What is the limit of $\int_{\mathbb{R}}f(x)|\sin( \lambda x)| dx$ for all integrable functions $f:\mathbb{R} \rightarrow \mathbb{C}$?

Question

What is the limit of $$\int_{\mathbb{R}}f(x)|\sin( \lambda x)| dx$$ for all integrable functions $f\colon\mathbb{R} \rightarrow \mathbb{C}$ when $|\lambda| \rightarrow \infty$?

I tried to use the Lemma of Riemann-Lebesgue. I want to prove that the integral of $|\sin(\lambda x)|$ is zero over one period when $|\lambda| \rightarrow \infty$.

I tried this: $$\int_{\mathbb{R}}\mathbb{1}_{[0,\pi]}\sin(\lambda x) dx= \frac{\cos(\lambda 0)-\cos(\lambda \pi)}{\lambda}\xrightarrow{|\lambda|\to\infty} 0$$

But then I doubted if this was indeed correct because $\lambda$ can be negative.

Can anybody help me to prove this?

Answer 1

Using the fact that $f\in L^1$ can be approximated in $L^1$ by a step function (a function which can be expressed as $\sum_{j=1}^n c_j1_{I_j}$, where $\{I_j\}_{j=1}^n$ is a finite collection of disjoint open intervals and $c_j\in \mathbb{C}$) makes the problem much easier.

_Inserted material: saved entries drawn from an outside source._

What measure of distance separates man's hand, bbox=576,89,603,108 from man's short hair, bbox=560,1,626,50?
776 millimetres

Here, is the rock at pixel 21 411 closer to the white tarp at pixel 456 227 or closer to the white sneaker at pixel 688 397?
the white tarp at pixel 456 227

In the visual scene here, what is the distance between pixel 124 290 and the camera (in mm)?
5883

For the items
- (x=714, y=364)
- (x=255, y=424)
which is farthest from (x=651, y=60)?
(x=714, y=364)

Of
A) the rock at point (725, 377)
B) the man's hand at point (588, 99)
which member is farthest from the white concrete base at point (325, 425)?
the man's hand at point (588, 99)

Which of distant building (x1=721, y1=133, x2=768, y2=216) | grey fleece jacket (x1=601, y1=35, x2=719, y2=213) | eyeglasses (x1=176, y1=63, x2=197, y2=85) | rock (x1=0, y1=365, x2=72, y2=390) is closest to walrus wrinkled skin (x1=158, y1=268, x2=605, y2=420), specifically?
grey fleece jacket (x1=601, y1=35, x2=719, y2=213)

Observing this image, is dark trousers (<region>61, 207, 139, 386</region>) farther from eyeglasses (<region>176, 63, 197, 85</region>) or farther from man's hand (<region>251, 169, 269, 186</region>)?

Fix $\epsilon>0$. Write $f=g+h$, where $g=\sum_{j=1}^n c_j1_{I_j}$ is a step function and $\|h\|_{L^1}<\epsilon$.

You can probably observe

$$\forall j,\lim_{\lambda\rightarrow\infty}\int_{I_j}|\sin(\lambda x)|dx=\frac{2}{\pi}m(I_j)$$

(For instance, you can show that by ignoring the rightmost portion of $I_j$, whose contribution to the integral shrinks as $\lambda\rightarrow\infty$, to make the integral periodic.)

Adding up these, you get

$$\lim_{\lambda\rightarrow\infty}\int_{\mathbb{R}}g|\sin(\lambda x)|dx=\frac{2}{\pi}\int_{\mathbb{R}}gdx$$

Now, since

$$\lim_{\epsilon\rightarrow0}\sup_{\lambda\neq0}\left|\int_{\mathbb{R}}gdx-\int_{\mathbb{R}}fdx\right|=\lim_{\epsilon\rightarrow0}\sup_{\lambda\neq0}\left|\int_{\mathbb{R}}h|\sin(\lambda x)|dx\right|=0$$

, taking $\epsilon\rightarrow0$, the answer is

$$\frac{2}{\pi}\int_{\mathbb{R}} fdx$$